He has the perfect blend of seriousness and ridiculousness. He’s unfailingly dedicated to his students. All in all, Jeff Grogan is just outstanding.
Grogan, who has taught at Stowe Middle School for 20 years, has been honored with UVM’s Outstanding Teacher award.
“He is the perfect man for the job,” said Charlie Gordon, a colleague of Grogan’s who teaches eighth-grade math and English at the middle school. “He is the ultimate middle school teacher. You could put him in the high school or the elementary school, and he would do well. But, he’s got the perfect mix of seriousness and ridiculousness that you need as a middle school teacher.”
Gordon, himself a longtime veteran of the middle school, was on the committee that hired Grogan back in 1999.
“I worked on the same educational team as him for many years,” Gordon said. “He is unfailingly dedicated to his students.”
For the past two decades, Grogan has taught science, and currently teaches seventh-grade English and literacy.
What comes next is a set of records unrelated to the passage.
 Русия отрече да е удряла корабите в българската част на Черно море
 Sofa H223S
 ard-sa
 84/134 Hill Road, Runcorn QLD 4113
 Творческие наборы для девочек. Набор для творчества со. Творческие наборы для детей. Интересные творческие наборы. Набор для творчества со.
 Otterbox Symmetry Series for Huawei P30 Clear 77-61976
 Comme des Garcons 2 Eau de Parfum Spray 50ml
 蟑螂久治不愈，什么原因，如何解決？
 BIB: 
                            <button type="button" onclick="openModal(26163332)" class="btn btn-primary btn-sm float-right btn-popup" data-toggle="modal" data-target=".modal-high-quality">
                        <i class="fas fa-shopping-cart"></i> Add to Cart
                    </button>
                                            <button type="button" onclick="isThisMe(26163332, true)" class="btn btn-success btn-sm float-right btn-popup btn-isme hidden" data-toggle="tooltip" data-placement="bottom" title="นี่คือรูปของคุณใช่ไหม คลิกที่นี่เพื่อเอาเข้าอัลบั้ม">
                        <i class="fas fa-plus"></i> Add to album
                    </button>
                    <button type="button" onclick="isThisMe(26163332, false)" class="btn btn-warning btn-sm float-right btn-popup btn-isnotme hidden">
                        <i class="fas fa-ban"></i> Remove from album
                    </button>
The 52-year-old grew up in Connecticut, but spent summers in Hyde Park.
“My dad was a teacher and we would come up and camp in a hunting camp every summer,” Grogan recalled. “I live on that land now.”
Being an educator is a tradition that runs in his family; in addition to his father, his mother also taught, as does his sister.
The UVM Outstanding Teacher Award is given annually to faculty members who demonstrate excellence in one or more of the five standards for Vermont educators — learning, professional knowledge, advocacy, colleagueship and accountability.
Grogan received the award last week during a ceremony at the school; however, he was notified — in a roundabout way — before that.
“The principal said the award was for someone in the building and started profiling who it was, and by the end, I knew it was me and my jaw hit the floor,” Grogan said.
Middle school Principal Dan Morrison spoke at length about the many strengths that Grogan brings to the school.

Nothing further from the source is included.